Find and copy the lines in the records beneath this task that contain the word "Black".

*** Entries shown

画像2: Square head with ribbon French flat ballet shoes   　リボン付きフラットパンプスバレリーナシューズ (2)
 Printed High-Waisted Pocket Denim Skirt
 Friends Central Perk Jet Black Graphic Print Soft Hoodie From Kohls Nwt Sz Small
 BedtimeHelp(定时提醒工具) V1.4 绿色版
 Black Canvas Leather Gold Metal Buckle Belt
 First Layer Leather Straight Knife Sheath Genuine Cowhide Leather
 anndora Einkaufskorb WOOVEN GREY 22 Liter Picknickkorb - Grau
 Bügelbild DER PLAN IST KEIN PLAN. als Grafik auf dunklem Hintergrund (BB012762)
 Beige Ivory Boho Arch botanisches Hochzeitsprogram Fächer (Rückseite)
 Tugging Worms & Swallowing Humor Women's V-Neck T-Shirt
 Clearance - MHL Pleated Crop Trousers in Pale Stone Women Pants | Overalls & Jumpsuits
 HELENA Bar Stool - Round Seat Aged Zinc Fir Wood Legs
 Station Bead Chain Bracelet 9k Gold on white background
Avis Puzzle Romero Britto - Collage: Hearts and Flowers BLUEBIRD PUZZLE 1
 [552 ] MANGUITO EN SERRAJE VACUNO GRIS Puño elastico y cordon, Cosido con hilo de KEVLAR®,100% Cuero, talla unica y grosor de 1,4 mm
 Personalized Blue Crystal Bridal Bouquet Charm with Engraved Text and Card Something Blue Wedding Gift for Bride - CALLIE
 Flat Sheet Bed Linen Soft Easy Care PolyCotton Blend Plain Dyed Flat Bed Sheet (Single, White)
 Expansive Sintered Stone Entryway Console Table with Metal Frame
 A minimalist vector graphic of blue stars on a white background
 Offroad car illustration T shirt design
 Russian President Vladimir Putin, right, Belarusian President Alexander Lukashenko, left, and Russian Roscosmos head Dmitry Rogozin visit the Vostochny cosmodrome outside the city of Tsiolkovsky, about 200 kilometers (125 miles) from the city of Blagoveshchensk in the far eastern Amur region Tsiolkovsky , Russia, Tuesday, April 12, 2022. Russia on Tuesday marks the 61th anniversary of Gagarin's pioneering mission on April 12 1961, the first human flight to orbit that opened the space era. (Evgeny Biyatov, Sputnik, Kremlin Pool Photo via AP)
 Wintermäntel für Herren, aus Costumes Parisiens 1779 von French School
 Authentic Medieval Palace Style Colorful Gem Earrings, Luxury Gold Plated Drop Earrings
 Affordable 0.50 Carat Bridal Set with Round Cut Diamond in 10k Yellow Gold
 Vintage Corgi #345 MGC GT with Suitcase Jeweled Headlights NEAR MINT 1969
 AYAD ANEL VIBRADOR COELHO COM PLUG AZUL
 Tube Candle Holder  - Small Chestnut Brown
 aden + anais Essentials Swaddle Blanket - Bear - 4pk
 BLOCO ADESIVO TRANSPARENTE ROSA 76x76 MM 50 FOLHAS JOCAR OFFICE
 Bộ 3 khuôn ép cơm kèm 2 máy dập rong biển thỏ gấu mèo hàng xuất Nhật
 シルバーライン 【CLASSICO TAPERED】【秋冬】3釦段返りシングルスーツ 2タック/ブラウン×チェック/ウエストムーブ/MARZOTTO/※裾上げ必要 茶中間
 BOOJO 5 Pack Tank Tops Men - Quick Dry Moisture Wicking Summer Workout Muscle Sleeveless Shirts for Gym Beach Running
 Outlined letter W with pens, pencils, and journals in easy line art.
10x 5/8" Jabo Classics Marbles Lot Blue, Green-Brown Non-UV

******

Exercise answer:
 Friends Central Perk Jet Black Graphic Print Soft Hoodie From Kohls Nwt Sz Small
 Black Canvas Leather Gold Metal Buckle Belt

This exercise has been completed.